» Required action
Omit every picture and return the rest of the data unaltered.

═════ Records for the task

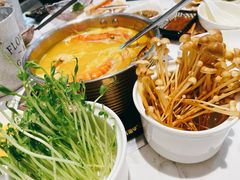 -半岛听涛蒸汽海鲜自助(K11店)
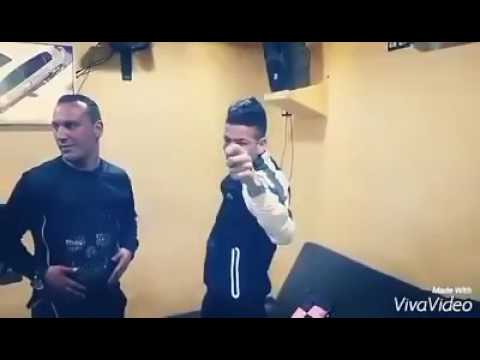 Jdid Nadir MaryouL Dance Ey Ey Hbééél  Au (Studio31) 2017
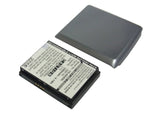 2200mAh Battery For ASUS Mypal A630, Mypal A632, Mypal A632N, Mypal A635, - vintrons.com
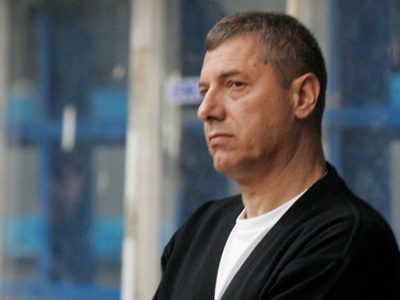 Βόλεϊ: Αποχώρησε ο Χριστόφ από την ΑΕΚ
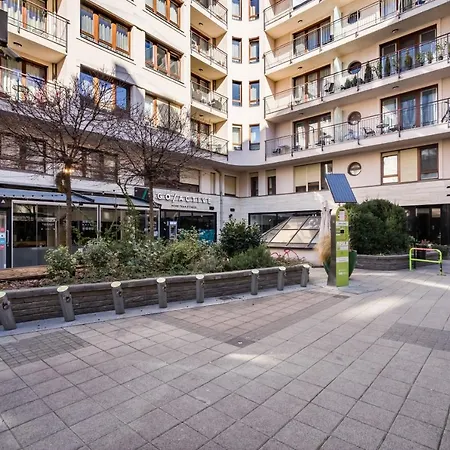 Bpr Apartment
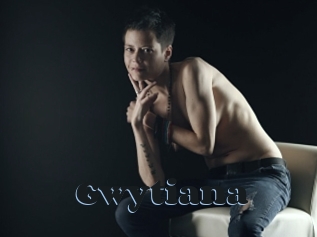 Gwytiana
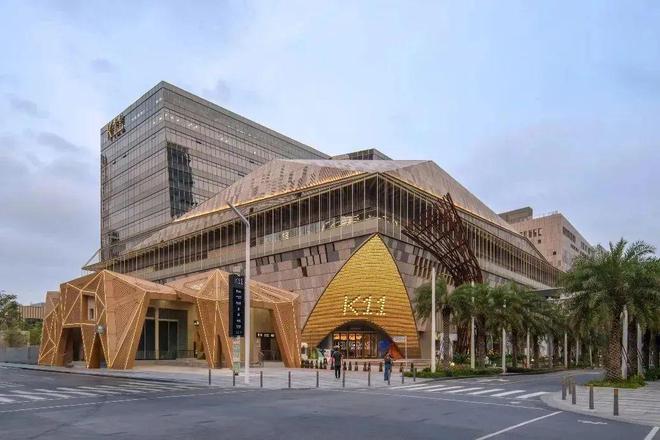 1开业一场惨烈的公共事件凯发k8一触即发深圳K1(图1)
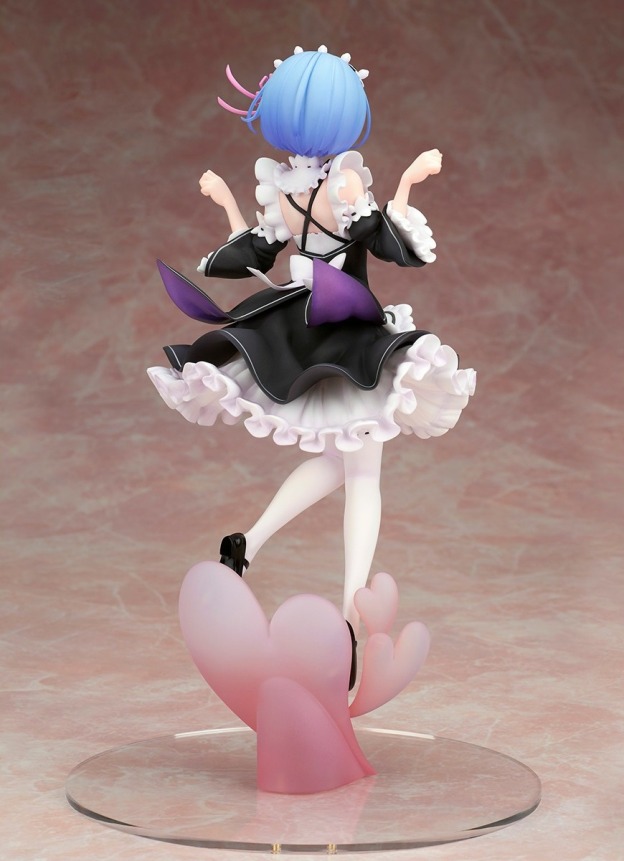 從零開始的異世界生活 雷姆 貓耳Ver-GOODTOYSTUDIO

══════════

» Response
 -半岛听涛蒸汽海鲜自助(K11店)
 Jdid Nadir MaryouL Dance Ey Ey Hbééél  Au (Studio31) 2017
 2200mAh Battery For ASUS Mypal A630, Mypal A632, Mypal A632N, Mypal A635, - vintrons.com
 Βόλεϊ: Αποχώρησε ο Χριστόφ από την ΑΕΚ
 Bpr Apartment
 Gwytiana
 1开业一场惨烈的公共事件凯发k8一触即发深圳K1(图1)
 從零開始的異世界生活 雷姆 貓耳Ver-GOODTOYSTUDIO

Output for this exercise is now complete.